What you have to do: Print the lines in the listing below starting at the line with "Gucci Screener Dragon" and ending at the line with "All that ass", both included. Reproduce them exactly and omit every picture.

Data in this exercise:
══════════════════════════════
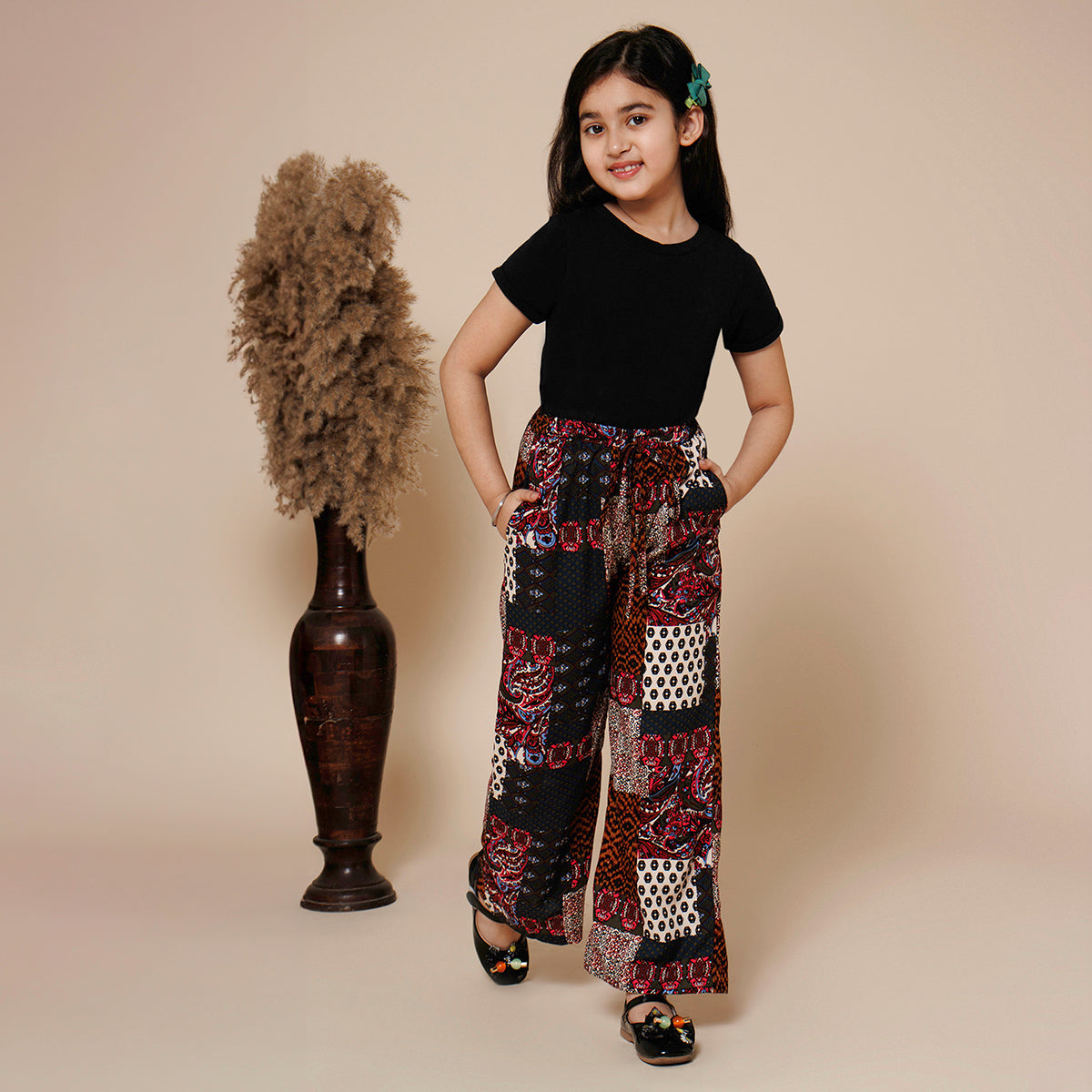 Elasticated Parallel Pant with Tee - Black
══════════════════════════════
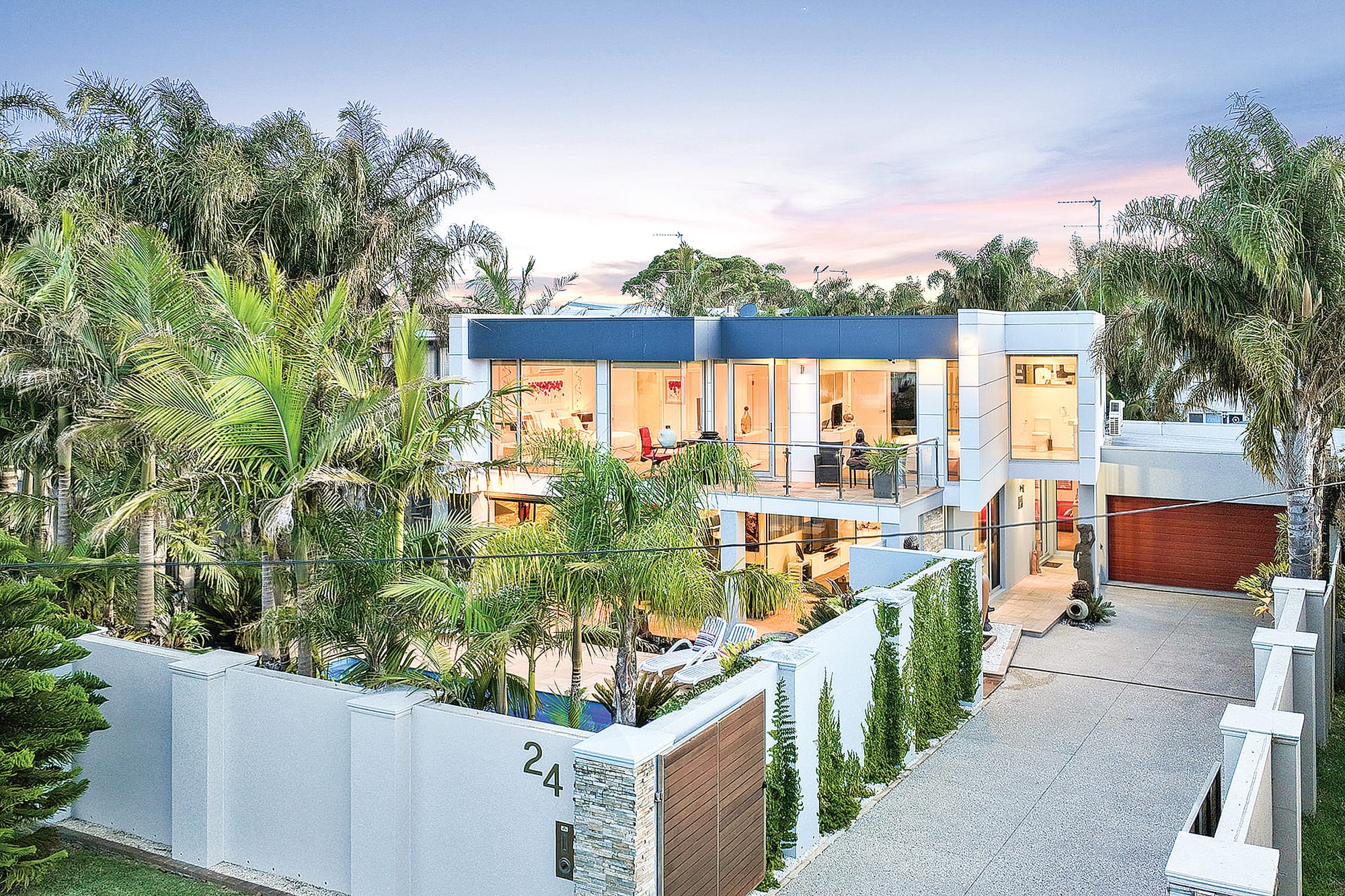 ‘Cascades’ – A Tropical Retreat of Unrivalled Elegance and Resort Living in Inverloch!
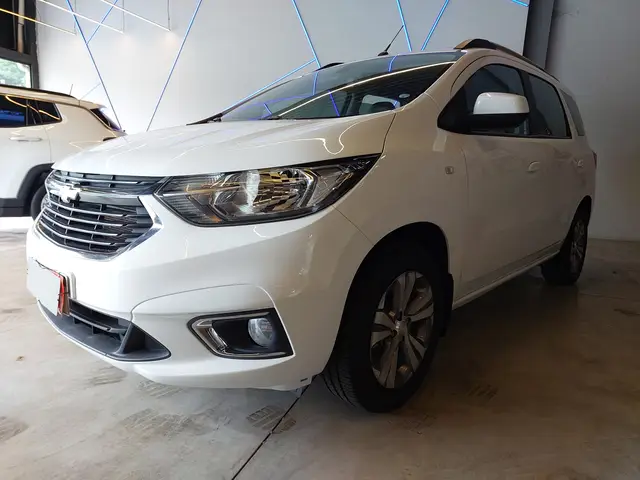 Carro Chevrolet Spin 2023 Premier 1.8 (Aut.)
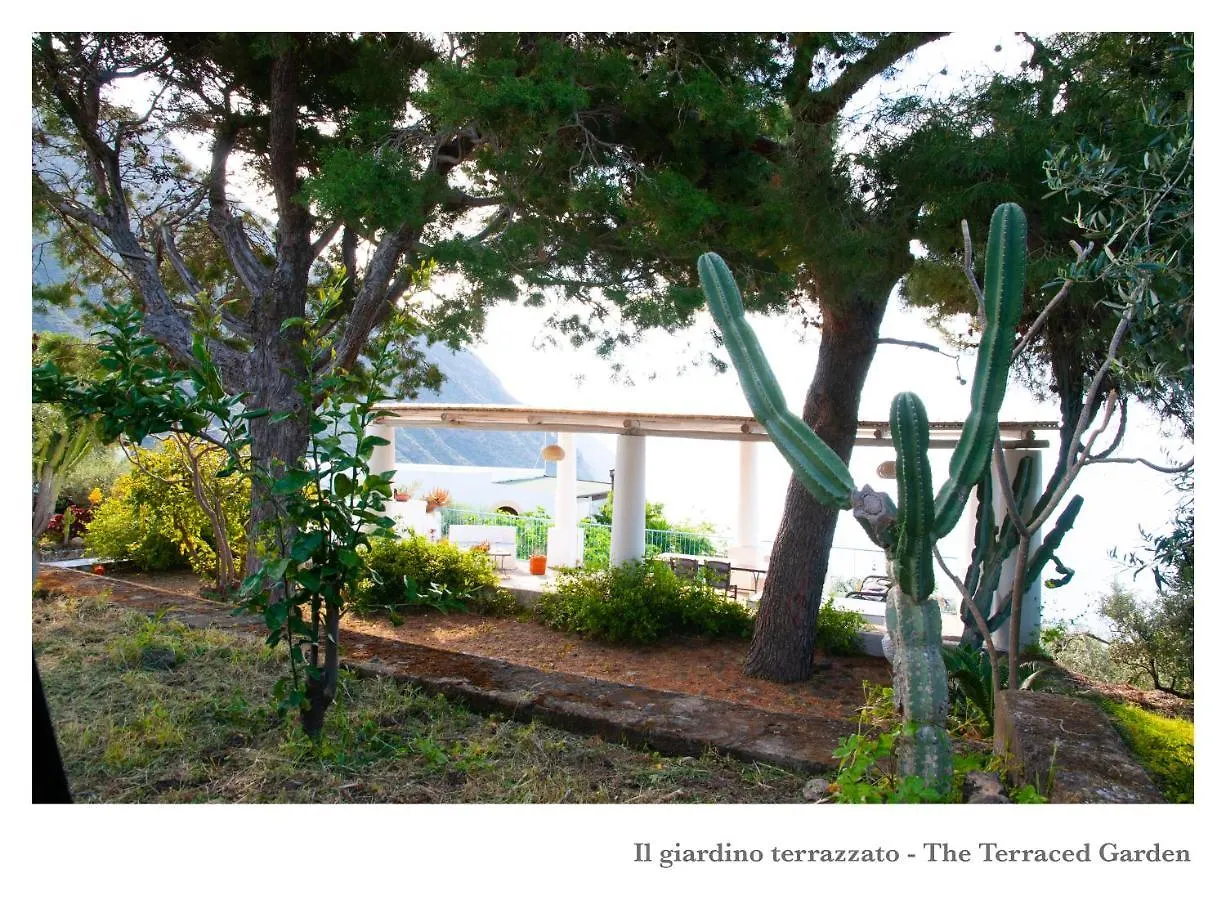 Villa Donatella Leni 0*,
══════════════════════════════
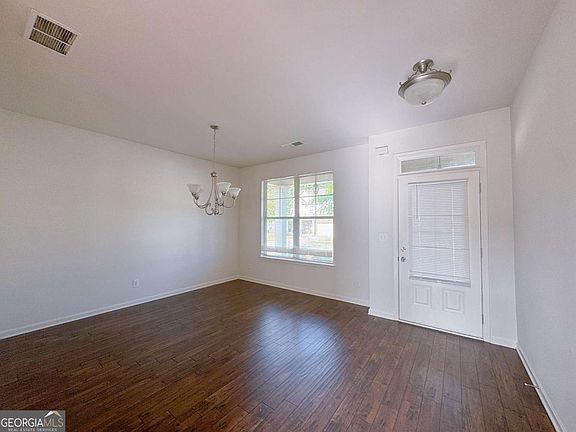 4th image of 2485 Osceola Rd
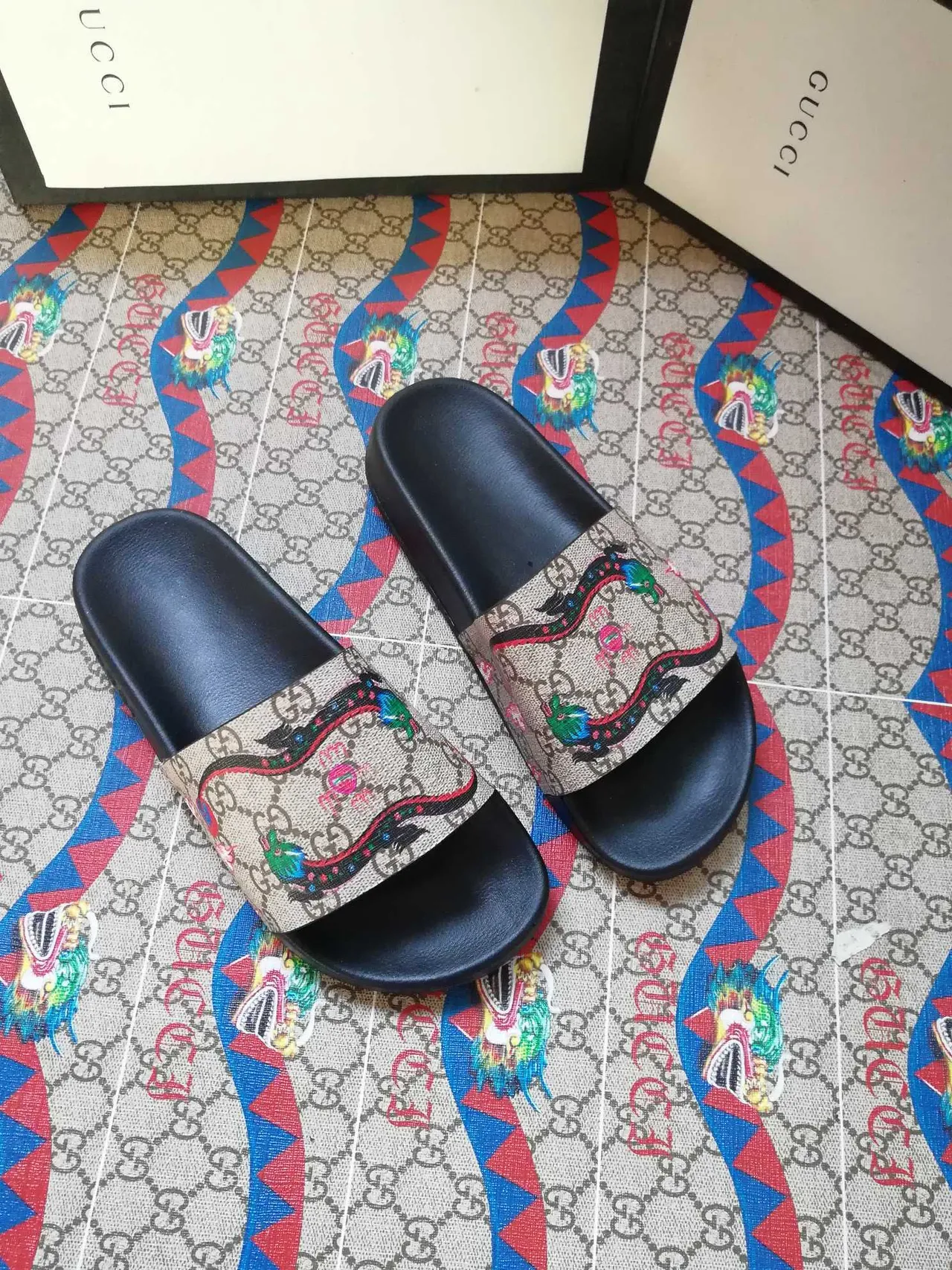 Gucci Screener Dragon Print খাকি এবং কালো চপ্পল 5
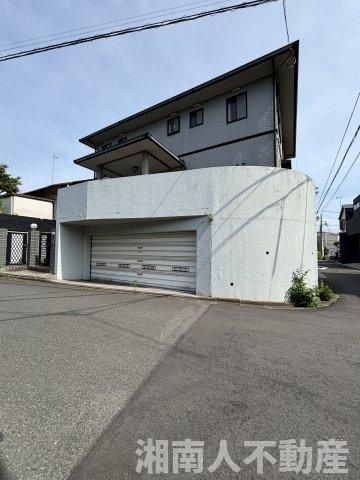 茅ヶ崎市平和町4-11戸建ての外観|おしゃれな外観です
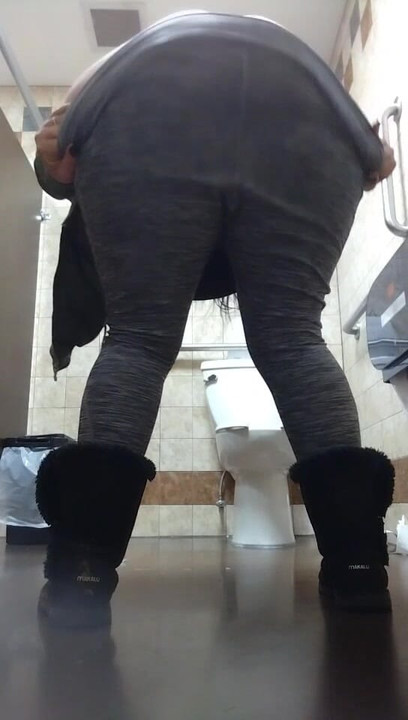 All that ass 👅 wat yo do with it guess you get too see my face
══════════════════════════════
Written solution:
 Gucci Screener Dragon Print খাকি এবং কালো চপ্পল 5
 茅ヶ崎市平和町4-11戸建ての外観|おしゃれな外観です
 All that ass 👅 wat yo do with it guess you get too see my face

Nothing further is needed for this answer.